One day, two guys were driving to their local grocery store to get some food. On the way to the store they ran into an intersection with a stoplight. The light turned red.
The man driving went right through the red light. The passenger looked at the driver and screamed: “What the heck are you doing? You’re going to get us killed!”
Then the driver responded: “Don’t worry, my mother always drives like this”.
So later on, the two guys came to another stoplight and that too was red. The driver sped right through the light. Again the passenger looked at the driver and said: “I thought I told you, you’re gonna get us killed! Would you please stop this nonsense!”

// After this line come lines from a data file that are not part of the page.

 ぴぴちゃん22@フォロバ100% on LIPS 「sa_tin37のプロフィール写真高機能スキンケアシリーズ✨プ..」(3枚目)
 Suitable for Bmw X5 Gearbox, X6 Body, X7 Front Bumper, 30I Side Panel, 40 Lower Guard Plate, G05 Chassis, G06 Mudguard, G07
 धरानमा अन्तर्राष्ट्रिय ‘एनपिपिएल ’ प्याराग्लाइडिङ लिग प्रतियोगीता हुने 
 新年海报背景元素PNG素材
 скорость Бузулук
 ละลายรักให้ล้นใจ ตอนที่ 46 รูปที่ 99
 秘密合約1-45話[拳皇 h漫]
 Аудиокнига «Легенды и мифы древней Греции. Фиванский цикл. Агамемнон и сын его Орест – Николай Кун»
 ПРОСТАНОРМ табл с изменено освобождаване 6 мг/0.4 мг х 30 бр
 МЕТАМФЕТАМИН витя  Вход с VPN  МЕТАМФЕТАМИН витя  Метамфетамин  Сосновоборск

The driver looked at the passenger and responded: “I get it! But like I told already, you my mother drives like this all the time!”
Again, the two guys ran into another light. This time in was green. The driver slammed on his brakes and stopped the car completely. “What the hell are you doing?” The passenger screamed. “This is the third time you almost got us killed. Why did you stop at a green light?”
The driver replied: “That’s my mum’s car coming over there!”
A young couple moved into a new neighbourhood. The next morning while they were eating breakfast, the young woman sees her neighbour hanging the wash outside.
“That laundry is not very clean,” she said. “She doesn’t know how to wash correctly. Perhaps she needs better laundry soap.” Her husband looked on, but remained silent.
Every time her neighbour would hang her laundry to dry, the young woman would make the same comments. About one month later, the woman was surprised to see a nice clean wash on the line and said to her husband: “Look, she has learned how to wash correctly. I wonder who taught her this?”
The husband said: “I got up early this morning and cleaned our windows”.
A man walked into a bar and ordered a glass of white wine. He took a sip of the wine then tossed the remainder into the bartender’s face. Before the bartender could recover from the surprise, the man began to weep.
“I’m sorry,” he said. “I’m really sorry. I keep doing that to bartenders. I can’t tell you how embarrassing it is to have a compulsion like this.”
Far from being angry, the bartender was sympathetic. Before long, he suggested that the man see an analyst about his problem.
“I happen to have the name of a psychoanalyst,” the bartender said. “My brother and my wife have both been treated by him, and they say he’s as good as they get.”
Six months later, the man was back.
“Did you do what I suggested?” the bartender asked, serving a glass of white wine.
“I certainly did,” the man said. “I’ve been seeing the psychoanalyst twice a week.” He took a sip of the wine, then he threw the remainder into the bartender’s face.
The flustered bartender wiped his face with a towel. “The doctor doesn’t seem to be doing you any good,” he sputtered.
“On the contrary,” the man claimed. “He’s done me world of good.”
“But you threw the wine in my face again!” the bartender exclaimed.
“Yes,” the man replied. “But it doesn’t embarrass me anymore.”